Demand Grows for Grocery Store Employees, Other Frontline Workers to Receive Hazard Pay Amid Coronavirus Outbreak
"Crewmembers are terrified, knowing their job is putting them on the frontlines of a global pandemic."
Grocery stores and other U.S. businesses remaining open amid the coronavirus pandemic are facing pressure from unions and activists to provide hazard pay for employees whose jobs involve tasks that put them at direct risk of exposure to the infectious disease.
"Trader Joe's needs to provide workers hazard pay starting right now," tweeted Trader Joe's Union, an account formed by a group of workers pushing for the store's employees to unionize. "Crewmembers are terrified, knowing their job is putting them on the frontlines of a global pandemic.
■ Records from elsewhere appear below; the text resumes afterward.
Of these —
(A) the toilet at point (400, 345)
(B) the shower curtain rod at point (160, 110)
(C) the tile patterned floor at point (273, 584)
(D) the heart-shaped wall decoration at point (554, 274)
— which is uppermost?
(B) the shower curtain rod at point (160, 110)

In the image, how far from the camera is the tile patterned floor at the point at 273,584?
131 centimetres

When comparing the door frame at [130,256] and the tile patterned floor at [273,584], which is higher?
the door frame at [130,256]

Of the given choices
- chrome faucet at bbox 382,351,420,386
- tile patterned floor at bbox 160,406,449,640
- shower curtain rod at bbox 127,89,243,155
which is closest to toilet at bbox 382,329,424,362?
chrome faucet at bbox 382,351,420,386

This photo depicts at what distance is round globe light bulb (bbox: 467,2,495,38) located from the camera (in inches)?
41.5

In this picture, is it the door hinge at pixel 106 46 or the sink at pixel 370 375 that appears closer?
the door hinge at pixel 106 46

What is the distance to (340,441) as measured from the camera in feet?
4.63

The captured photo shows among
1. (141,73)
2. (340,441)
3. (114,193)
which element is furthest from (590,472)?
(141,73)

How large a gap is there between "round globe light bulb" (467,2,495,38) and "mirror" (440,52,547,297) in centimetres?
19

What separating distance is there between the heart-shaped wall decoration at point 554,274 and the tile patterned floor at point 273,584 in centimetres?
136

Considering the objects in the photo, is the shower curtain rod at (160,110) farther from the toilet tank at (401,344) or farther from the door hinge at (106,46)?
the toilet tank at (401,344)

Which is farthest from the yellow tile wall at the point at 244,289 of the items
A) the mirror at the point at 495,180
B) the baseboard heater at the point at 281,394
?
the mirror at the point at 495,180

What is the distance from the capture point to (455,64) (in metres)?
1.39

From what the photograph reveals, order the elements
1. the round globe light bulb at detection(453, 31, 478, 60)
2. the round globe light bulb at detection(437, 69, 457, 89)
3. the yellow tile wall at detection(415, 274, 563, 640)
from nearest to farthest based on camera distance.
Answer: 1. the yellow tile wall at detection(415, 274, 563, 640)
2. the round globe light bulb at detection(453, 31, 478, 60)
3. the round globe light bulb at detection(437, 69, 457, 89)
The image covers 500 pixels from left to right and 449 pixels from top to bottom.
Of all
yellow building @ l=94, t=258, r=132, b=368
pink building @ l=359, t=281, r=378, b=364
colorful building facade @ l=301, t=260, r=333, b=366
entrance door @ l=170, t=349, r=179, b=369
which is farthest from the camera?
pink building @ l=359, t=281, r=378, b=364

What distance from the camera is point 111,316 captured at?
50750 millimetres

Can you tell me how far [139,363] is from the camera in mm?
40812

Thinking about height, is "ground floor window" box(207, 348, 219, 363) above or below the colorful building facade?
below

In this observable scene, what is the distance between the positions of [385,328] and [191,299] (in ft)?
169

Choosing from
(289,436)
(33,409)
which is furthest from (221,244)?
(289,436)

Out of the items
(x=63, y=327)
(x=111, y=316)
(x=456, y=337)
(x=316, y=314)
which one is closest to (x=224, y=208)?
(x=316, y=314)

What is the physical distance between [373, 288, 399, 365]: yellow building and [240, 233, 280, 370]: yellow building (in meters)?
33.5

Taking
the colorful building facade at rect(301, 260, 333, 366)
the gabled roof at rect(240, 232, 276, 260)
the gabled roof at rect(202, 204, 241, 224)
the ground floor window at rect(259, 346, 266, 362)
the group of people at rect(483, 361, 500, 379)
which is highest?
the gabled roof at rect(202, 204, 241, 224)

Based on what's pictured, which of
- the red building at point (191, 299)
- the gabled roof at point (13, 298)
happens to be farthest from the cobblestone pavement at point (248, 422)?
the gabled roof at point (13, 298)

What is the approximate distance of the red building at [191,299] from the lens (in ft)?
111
It is not enough to receive [paid time off] only after being proven sick."
"We have been hearing from workers across the country interested in unionizing," the group added, "but we've also been hearing from workers who feel forced to work until they get sick, who don't have the means to find safety or security in calling out, and who are terrified at what's to come."
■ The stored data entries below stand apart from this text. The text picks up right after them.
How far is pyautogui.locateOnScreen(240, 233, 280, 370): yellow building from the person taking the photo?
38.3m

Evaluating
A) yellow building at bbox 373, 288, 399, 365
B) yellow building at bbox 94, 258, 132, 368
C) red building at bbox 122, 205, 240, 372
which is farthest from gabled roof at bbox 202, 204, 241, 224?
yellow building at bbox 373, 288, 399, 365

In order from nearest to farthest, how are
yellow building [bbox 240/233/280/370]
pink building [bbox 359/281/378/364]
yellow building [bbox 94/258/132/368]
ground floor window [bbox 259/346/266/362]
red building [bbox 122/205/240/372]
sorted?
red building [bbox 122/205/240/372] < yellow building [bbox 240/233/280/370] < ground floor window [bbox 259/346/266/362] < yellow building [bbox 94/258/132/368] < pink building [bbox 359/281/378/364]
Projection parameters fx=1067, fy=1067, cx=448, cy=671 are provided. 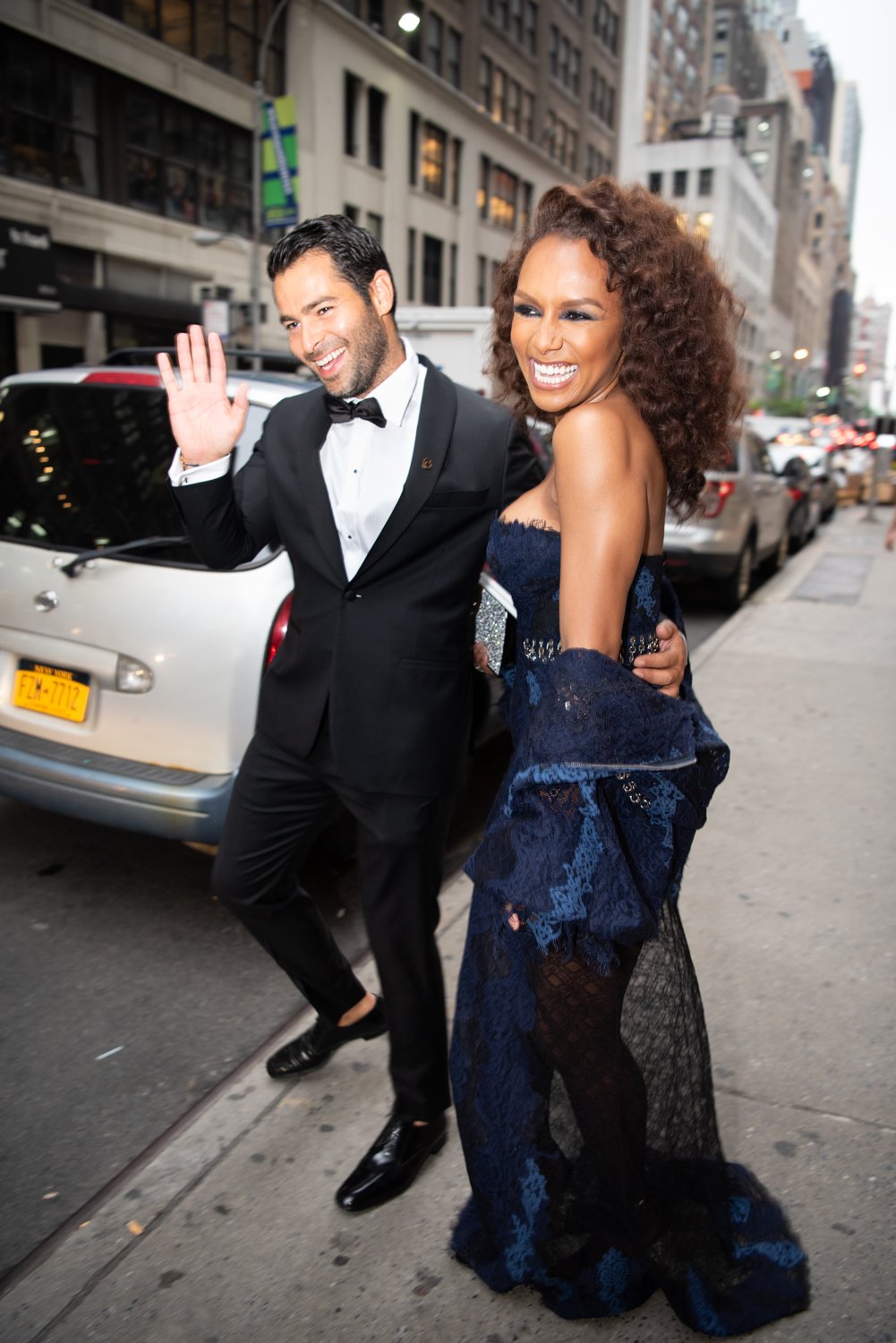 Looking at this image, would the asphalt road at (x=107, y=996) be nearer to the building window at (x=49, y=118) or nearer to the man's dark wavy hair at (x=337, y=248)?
the man's dark wavy hair at (x=337, y=248)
A video posted by chef José Andrés of supermarket employees stocking shelves in the early hours of the morning Monday sparked an outpouring of gratitude for the essential role grocery store workers are playing in providing Americans with food and other necessities during the outbreak.
Supermarket jobs are overwhelmingly low-wage and often don't come with decent benefit packages—or the luxury of working from home until the COVID-19 outbreak subsides.
"They deserve hazard pay and paid sick leave," said one Twitter user. "They should also get some [paid time off] once this crisis passes."
Andrés, founder of a non-profit devoted to providing meals following natural disasters, amplified that demand:
Unions are also demanding hazard pay for public-sector workers facing possible on-the-job exposure to COVID-19, which has infected at least 3,600 people and killed 66 in the United States.
"The federal government has hundreds of thousands of workers who come in daily contact with the public—workplace inspectors, mail carriers, hospital workers, park rangers, passport processors, Social Security representatives, museum workers," the Washington Post reported Saturday.
In written testimony to Congress last Wednesday, the American Federation of Government Employees (AFGE) demanded that government employees facing possible exposure to the novel coronavirus receive adequate protections and hazard pay.
Government Executive reported last week that three Transportation Security Administration (TSA) workers in San Jose, California tested positive for COVID-19 and "a couple dozen employees deemed to have had contact with those workers are home on self-quarantine."
TSA workers are not currently eligible for hazard pay, despite their jobs requiring daily interactions with hundreds of travelers.
"We do everything we can to protect passengers, but who is protecting us?" Hydrick Thomas, president of AFGE's TSA Council, asked in a statement last Thursday.